OmniControlNet: Dual-stage Integration for Conditional Image Generation

Yilin Wang,Haiyang Xu,Xiang Zhang,Zeyuan Chen,Zhizhou Sha,Zirui Wang,Zhuowen Tu
2024-06-10
Abstract:We provide a two-way integration for the widely adopted ControlNet by integrating external condition generation algorithms into a single dense prediction method and incorporating its individually trained image generation processes into a single model. Despite its tremendous success, the ControlNet of a two-stage pipeline bears limitations in being not self-contained (e.g. calls the external condition generation algorithms) with a large model redundancy (separately trained models for different types of conditioning inputs). Our proposed OmniControlNet consolidates 1) the condition generation (e.g., HED edges, depth maps, user scribble, and animal pose) by a single multi-tasking dense prediction algorithm under the task embedding guidance and 2) the image generation process for different conditioning types under the textual embedding guidance. OmniControlNet achieves significantly reduced model complexity and redundancy while capable of producing images of comparable quality for conditioned text-to-image generation.

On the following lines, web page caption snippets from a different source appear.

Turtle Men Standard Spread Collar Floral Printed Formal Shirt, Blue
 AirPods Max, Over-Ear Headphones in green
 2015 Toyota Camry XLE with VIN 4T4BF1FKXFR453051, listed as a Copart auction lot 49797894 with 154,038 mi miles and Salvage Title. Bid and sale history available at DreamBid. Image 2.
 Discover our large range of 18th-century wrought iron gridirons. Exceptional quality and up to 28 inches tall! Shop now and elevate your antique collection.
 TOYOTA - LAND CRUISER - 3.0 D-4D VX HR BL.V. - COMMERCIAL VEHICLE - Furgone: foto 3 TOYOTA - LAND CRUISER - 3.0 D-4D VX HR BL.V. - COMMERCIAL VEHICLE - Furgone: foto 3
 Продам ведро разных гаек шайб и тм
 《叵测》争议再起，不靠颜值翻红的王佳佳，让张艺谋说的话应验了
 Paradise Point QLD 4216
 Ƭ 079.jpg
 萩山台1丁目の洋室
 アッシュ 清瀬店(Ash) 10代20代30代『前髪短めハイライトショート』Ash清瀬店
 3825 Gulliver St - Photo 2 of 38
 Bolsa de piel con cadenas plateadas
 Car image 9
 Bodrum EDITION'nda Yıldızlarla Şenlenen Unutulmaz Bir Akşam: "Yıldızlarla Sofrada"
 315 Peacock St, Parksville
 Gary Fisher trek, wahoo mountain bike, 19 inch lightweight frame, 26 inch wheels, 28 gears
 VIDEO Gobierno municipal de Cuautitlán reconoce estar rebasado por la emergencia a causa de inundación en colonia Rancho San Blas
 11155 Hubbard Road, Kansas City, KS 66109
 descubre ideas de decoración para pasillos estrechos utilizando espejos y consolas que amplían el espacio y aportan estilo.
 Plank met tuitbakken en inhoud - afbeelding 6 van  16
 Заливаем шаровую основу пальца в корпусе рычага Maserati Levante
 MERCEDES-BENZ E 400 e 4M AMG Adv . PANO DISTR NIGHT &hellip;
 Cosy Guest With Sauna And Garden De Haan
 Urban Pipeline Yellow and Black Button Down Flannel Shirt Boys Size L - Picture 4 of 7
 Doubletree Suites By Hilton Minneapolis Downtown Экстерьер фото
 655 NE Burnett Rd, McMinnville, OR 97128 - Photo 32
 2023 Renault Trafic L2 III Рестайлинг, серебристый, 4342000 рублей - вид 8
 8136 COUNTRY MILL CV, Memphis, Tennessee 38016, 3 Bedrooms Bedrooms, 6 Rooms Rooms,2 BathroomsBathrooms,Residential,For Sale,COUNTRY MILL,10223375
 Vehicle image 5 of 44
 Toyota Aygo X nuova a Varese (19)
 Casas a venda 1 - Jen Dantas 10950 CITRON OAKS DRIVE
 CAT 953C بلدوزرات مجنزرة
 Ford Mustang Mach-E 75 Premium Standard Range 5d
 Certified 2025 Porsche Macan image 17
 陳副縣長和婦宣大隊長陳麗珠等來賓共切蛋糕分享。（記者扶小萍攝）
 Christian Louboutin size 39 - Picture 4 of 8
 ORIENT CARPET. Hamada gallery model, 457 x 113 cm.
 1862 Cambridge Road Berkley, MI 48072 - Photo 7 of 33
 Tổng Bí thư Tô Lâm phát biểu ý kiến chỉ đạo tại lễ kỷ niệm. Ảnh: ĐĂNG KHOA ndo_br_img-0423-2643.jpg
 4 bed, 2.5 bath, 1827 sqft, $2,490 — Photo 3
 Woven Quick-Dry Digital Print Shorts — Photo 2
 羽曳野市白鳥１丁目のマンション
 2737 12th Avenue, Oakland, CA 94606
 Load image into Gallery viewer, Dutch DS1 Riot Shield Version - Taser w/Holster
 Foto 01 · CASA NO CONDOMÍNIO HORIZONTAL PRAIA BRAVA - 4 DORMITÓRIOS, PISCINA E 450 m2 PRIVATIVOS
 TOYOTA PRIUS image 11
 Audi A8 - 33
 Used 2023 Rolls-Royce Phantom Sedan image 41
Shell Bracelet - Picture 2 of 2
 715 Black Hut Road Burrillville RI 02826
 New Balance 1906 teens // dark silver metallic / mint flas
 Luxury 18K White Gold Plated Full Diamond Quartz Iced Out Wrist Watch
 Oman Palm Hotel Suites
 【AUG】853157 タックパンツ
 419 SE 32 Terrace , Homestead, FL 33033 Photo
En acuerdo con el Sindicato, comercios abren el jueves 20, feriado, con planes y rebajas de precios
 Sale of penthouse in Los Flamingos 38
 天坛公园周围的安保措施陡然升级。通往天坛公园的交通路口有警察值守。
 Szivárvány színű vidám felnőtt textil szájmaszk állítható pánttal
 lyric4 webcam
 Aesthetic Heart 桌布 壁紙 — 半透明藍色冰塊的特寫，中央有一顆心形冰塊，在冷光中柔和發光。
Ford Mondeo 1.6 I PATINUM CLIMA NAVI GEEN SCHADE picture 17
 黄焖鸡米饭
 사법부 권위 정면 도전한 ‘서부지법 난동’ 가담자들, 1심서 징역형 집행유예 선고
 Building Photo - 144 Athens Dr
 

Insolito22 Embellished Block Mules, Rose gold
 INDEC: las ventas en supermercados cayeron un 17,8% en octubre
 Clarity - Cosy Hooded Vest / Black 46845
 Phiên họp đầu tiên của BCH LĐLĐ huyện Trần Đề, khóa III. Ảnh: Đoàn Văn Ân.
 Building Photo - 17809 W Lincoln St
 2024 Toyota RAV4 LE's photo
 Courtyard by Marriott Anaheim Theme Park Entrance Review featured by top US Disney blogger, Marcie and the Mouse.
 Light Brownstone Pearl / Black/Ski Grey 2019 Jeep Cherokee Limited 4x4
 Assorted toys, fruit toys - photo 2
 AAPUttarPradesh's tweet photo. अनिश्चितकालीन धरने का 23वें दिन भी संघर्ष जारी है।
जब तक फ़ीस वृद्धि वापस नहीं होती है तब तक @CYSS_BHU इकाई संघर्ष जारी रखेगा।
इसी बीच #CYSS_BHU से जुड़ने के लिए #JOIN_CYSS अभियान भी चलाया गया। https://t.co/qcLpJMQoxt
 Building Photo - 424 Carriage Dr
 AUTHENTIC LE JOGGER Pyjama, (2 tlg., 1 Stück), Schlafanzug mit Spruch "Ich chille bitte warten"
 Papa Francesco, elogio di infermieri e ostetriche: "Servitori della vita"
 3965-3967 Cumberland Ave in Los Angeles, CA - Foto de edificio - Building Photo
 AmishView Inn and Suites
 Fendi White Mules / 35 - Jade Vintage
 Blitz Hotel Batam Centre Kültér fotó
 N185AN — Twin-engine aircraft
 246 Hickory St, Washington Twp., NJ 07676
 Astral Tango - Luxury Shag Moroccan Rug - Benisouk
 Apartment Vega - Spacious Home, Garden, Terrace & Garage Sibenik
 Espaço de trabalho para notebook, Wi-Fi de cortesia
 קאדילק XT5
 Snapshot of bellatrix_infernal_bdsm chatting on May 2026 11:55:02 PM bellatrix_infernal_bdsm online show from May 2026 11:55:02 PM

Computer Vision and Pattern Recognition,Machine Learning
What problem does this paper attempt to address?
### What problem does this paper attempt to solve? This paper aims to address the algorithm and model redundancy issues in existing ControlNet models for conditional image generation. Specifically, ControlNet is a two-stage pipeline that includes: 1. **Conditional Generation Stage**: Using external algorithms to generate different types of image-level conditional inputs (such as edges, depth maps, user doodles, etc.). 2. **Text-to-Image Generation Stage**: Training separate diffusion models for each type of conditional input. Despite the significant success of ControlNet, it has two main issues: - In the conditional generation stage, each type of image-level condition requires a specific external algorithm to create. - In the text-to-image generation stage, independent models need to be trained for each type of conditional input, leading to high model complexity and redundancy. To address these issues, the paper proposes OmniControlNet, which significantly reduces algorithm complexity and model redundancy through the following two integrations: 1. **Multi-task Dense Prediction Integration**: Performing tasks such as edge detection, depth map generation, animal pose estimation, and doodle generation within a unified framework. 2. **Conditional Text-to-Image Generation Integration**: Handling four different types of conditional inputs within a unified framework and generating images under the guidance of text inversion. With these improvements, OmniControlNet can generate images of comparable quality to existing methods while significantly reducing model parameters and memory usage.